If you want a cooking show to watch with recipes that don’t have sixty-two steps because you’re pressed on time but still want filling and tasty meals, Nadiya’s Time to Eat is the show for you!
Catapulted to household popularity in the UK and around the world, most know Nadiya Hussain, a Bangladeshi cook from Luton from when she won the sixth series of The Great British Bake Off. After winning Hussain signed contracts with BBC and has hosted the documentary The Chronicles of Nadiya, Nadiya’s British Adventure, Nadiya’s Family Favourites, and co-presented The Big Family Cooking Showdown. She’s also written a number of books and is just a complete superstar!
Released during Ramadan on Netflix (which is the only reason I haven’t reviewed it until now), her newest series Nadiya’s Time to Eat gets right to the point. Nadiya teaches viewers quick and easy recipes that make multiple servings for busy individuals and families. Each episode features multiple recipes. One recipe uses an ingredient that Nadiya actually goes directly to the source to learn about which is super important because cooking with local ingredients has an incredible impact on the food ecosystem. She also visits people around the UK to teach them recipes too.
Described as including “various time-saving kitchen hacks” in recipes designed to save time and stay within a realistic family budget, the show’s seven episodes have a number of incredibly appealing recipes that all of us can make!
Narrated by Nadiya, each episode is nearly 30 minutes of pure unpretentious cooking fun and each hack is realistic, unlike the stuff that shows up on Facebook or Youtube. Plus the recipes look so delicious.
A strawberry milkshake funnel cake? It’s like she read my mind! Or the egg rolls below? I’m already salivating!
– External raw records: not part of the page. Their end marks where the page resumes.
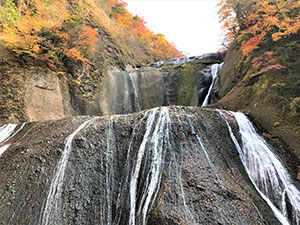 袋田の滝の紅葉とゆば料理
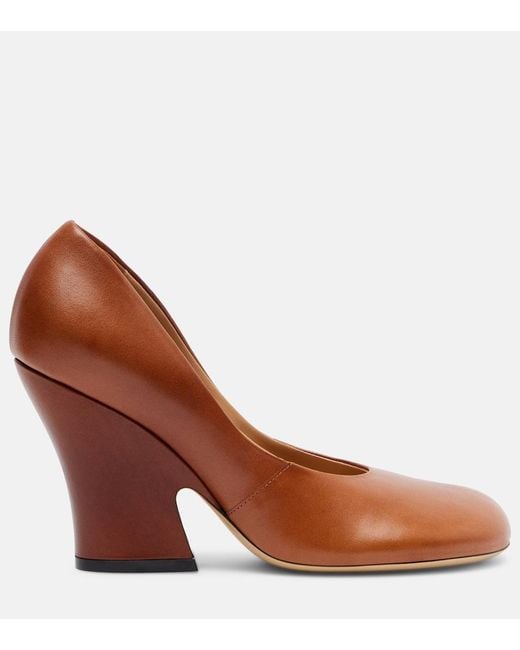 Dries Van Noten Brown Leather Pumps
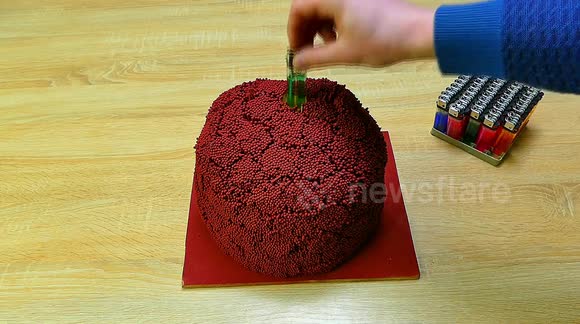 YouTuber uses masses of matches to create fiery chain reaction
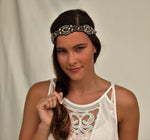 Wedding Rhinestone Headwrap Headband with Adjustable Band to Fit Any Head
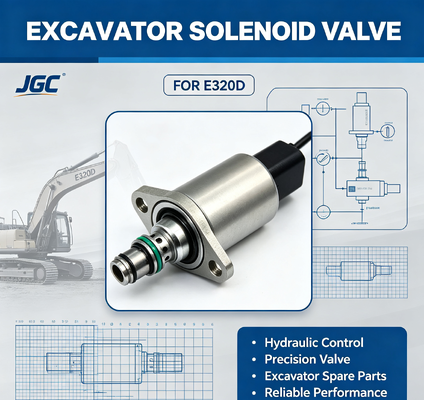 E320D Ekskavatör için Yüksek Kaliteli Solenoid Valf
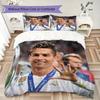 Krystiano Ronaldo Vzor Povlečení Přikrývka Povlak na přikrývku Povlak na polštář Domácí dekorace Dárek k narozeninám (1 * povlak na přikrývku + 2 * povlak na polštář bez výplně)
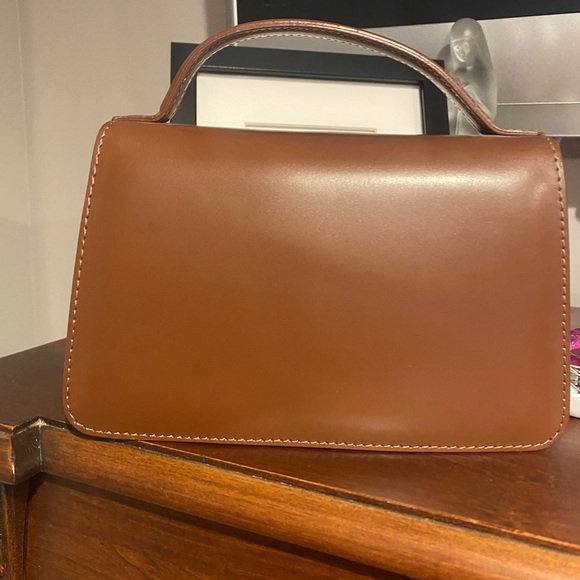 FRAME Les signature small top handle bag tobacco new - Picture 3 of 11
Y’all wanna know how good this show is? I have watched literally thousands of hours of Food Network competition shows and how to cook shows, and this is the first time I’ve wanted to actually make a recipe shown on screen. Nadiya knows her stuff and it’s so fun watching her because she’s incredibly effervescent. Since she keeps halal, I can actually make all of her recipes without needing to alter them! And, since the shortcuts are tricks she uses in real life, the show is “true and very real” to her own life and therefore much more believable than what is generally shown on TV.
More importantly, the people she teaches how to cook are from a variety of backgrounds and I really appreciate that. The budgets then vary too. Anyone watching can find something that they can cook for themselves that feels genuinely good to eat without any of the shaming that usually goes along with “hacks” around food.
Additionally, it’s clear she’s super thoughtful about what recipes to recommend to each family she helps. For example, she helps an Indian woman learn how to create a quick jackfruit curry. Anyone who knows anything about South Asian food knows it usually takes literal hours to make well and is one of the most significant parts of our culture. To cut that time in half and help a busy woman figure out how to make culturally relevant food for herself and her family is awesome. Plus we get to see Nadiya’s lovely family too.
I have no idea how much control Nadiya had on the direction of the series, but her love for cooking and cookery specifically is clear. The show feels like a love letter to the genre and to her audience all around the world. I can’t wait for my next grocery trip to buy ingredients to try out some of her recipes.
Nadiya’s Time to Eat is available on Netflix and BBC Two.